Live pig prices remain on sidelines in Brazil
The year is in its final stretch, and live pig prices are not taking off in Brazil, reflecting a situation of high supply and challenges in terms of domestic demand, even with attractive prices. The average kilogram of live pigs traded in the Center-South of the country moved sideways between January and October this year. The average price of a live kilogram (preliminarily) in October is BRL 5.99, down 5.74% from the same month last year, when it was at BRL 6.35.

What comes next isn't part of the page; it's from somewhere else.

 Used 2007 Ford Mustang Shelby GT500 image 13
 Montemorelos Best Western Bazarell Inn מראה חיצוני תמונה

Another noteworthy point is that the price curve for this second half of the year is below that of 2020, 2021, and 2022. There is an expectation of a more favorable environment for prices in the last two months of the year, considering the entry of the thirteenth salary and other bonuses in the economy due to festivities in December; the creation of temporary jobs is another aspect that generates a positive impact on demand. In addition, retailers can seek stock adjustments to meet demand during the period. However, the price curve should close below previous years.

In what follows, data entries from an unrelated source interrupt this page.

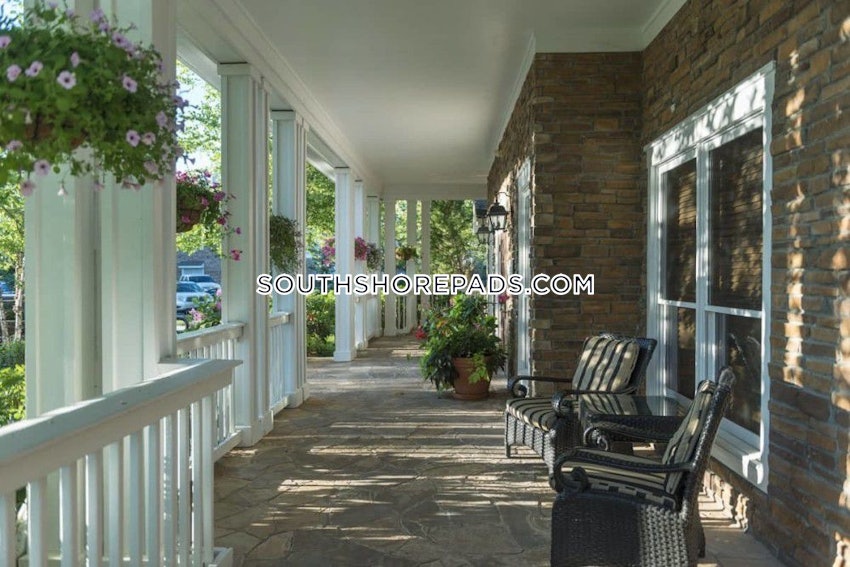 BRAINTREE - 2 Beds, 2 Baths - Image 9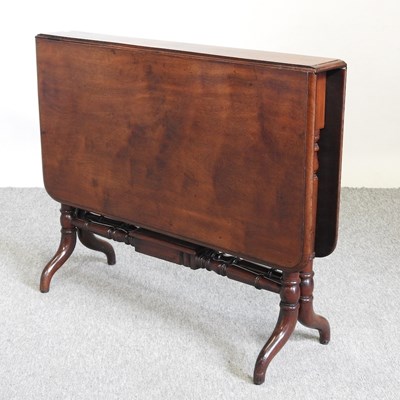Lot 603 - A sutherland table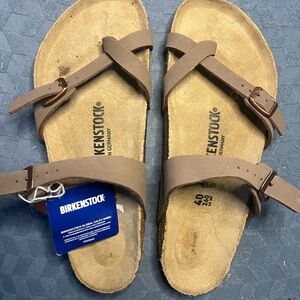 Birkenstock Tan Leather Sandals in size 40
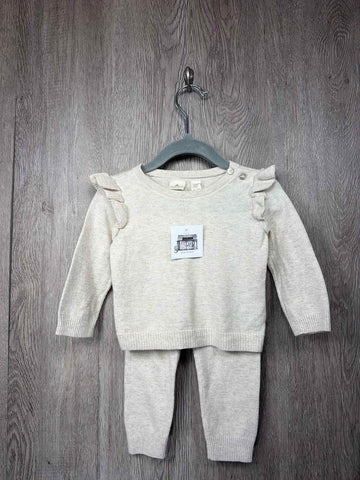 Gap Size 6-12m Outfit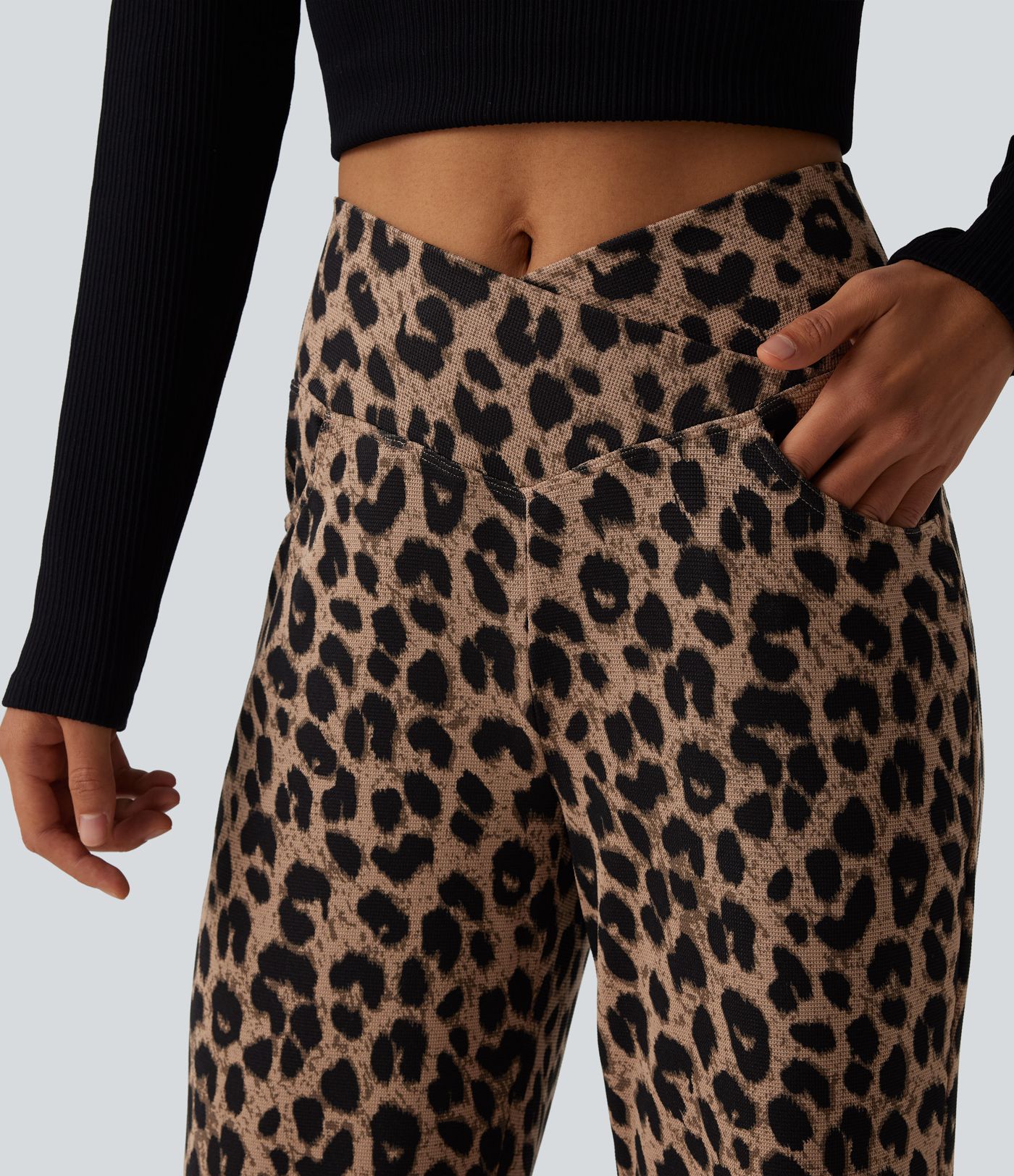 Pantalon large décontracté taille haute croisé imprimé léopard en tissu gaufré avec poches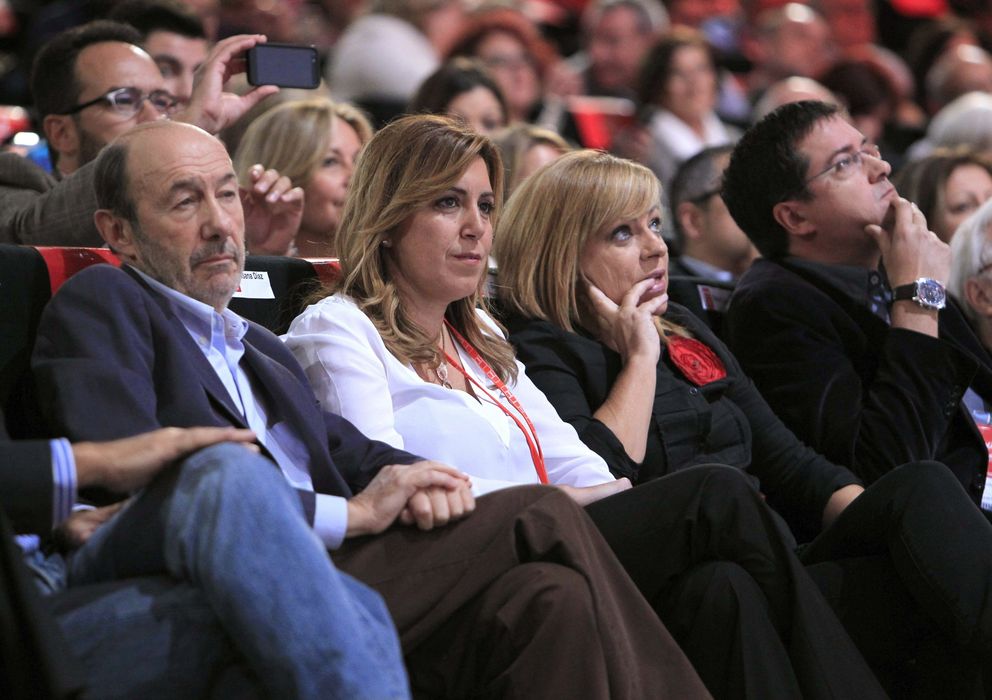 Foto: Rubalcaba, Díaz, Valenciano y López en la Conferencia Política del PSOE. (Efe)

Why are prices unable to advance in Brazil if Brazilian exports are strong and domestic availability is expected to advance discreetly in 2023? According to SAFRAS estimates, availability should close this year at 4.024 mln tons, an increase of 0.38% compared to 4.009 mln tons in 2022. Brazilian exports are largely responsible for this year’s availability adjustment, considering that it must close 2023 with an increase of 8.22%, at 1.187 mln tons, against the 1.097 mln tons shipped last year. Exports are mopping up this year’s production surpluses. Brazil’s 2023 production is estimated at 5.211 mln tons, compared to 5.106 mln tons last year, an increase of 2.06%.

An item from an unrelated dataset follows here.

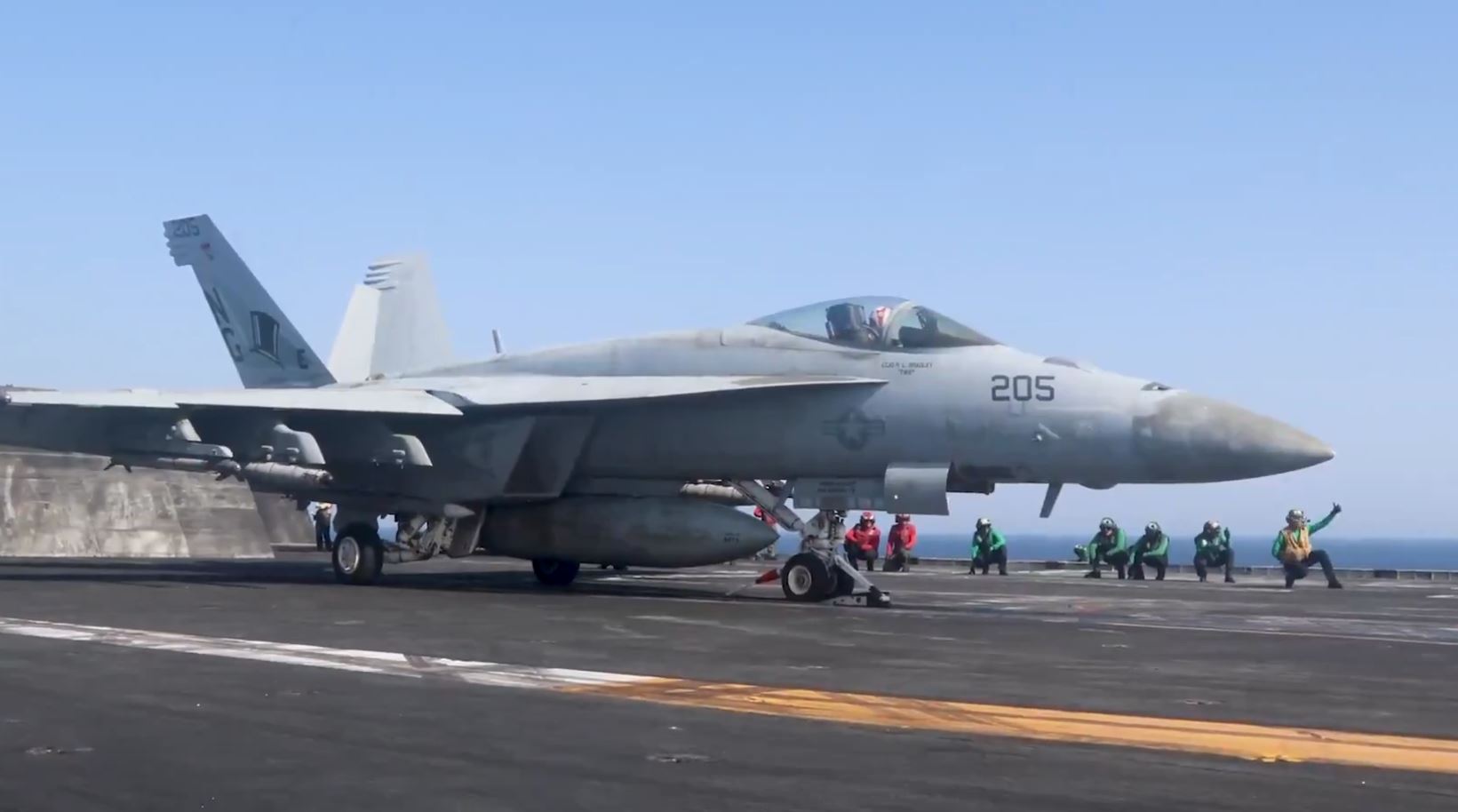 CENTCOM: Αυξημένη ναυτική παρουσία με το αεροπλανοφόρο Abraham Lincoln στη Μέση Ανατολή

The big issue is not the measured increase in availability this year, but rather the meat supply in Brazil, which has advanced significantly over the last few years, and so far the domestic market has not been able to adapt to the point where prices have increased. It is also worth mentioning that even with affordable prices, pork still ranks third in the preference of the population.
The attached graph shows the evolution of slaughter over recent years. The annual slaughter of pigs in Brazil is expected to close this year with an increase of nearly 8 mln head compared to 2018, pointing out that the data for 2023 are still estimates. From 2019 onward there has been a great increase in investments in Brazil due to the expectation of China’s advance, which actually happened for a period, but the Chinese have already recovered their herds and are operating with less impetus in imports at this time. It is worth noting that a new increase in slaughter is expected in 2024, estimated at 48.960 mln head against the 48.329 mln head expected for this year. The positive point is that there is a slowdown in the rate of slaughter.
Another issue that weighs on the dynamics of live pig negotiations in this second half of the year is the price per ton of pork exported, which has been falling for months, which is bad for the industry’s margins. The volumes exported by Brazil are significant but with prices under pressure. The low price of Brazilian pork is a major differentiator and accounts for this year’s positive results. The European Union, which in recent history is the largest global pork exporter, suffers from high prices due to tight supply, reducing its attractiveness, so Brazil has been able to compete in more markets, especially in Asia.
For the first quarter of 2024, the scenario for Brazilian pig farming should be more challenging than the current moment, considering that pork supply will remain high and demand typically decreases due to seasonal effects. Slaughter will continue to grow, even at a slower pace in 2024, but the average weight of animals may increase due to lower costs than in recent years. It is worth considering that the new soybean crop will be large, barring weather conditions. Corn has fallen significantly since mid-March/2023 and, as a result, the exchange ratio with pigs has improved considerably. Therefore, it is natural to expect an easing of weight-related adjustment measures as seen in the first half of this year.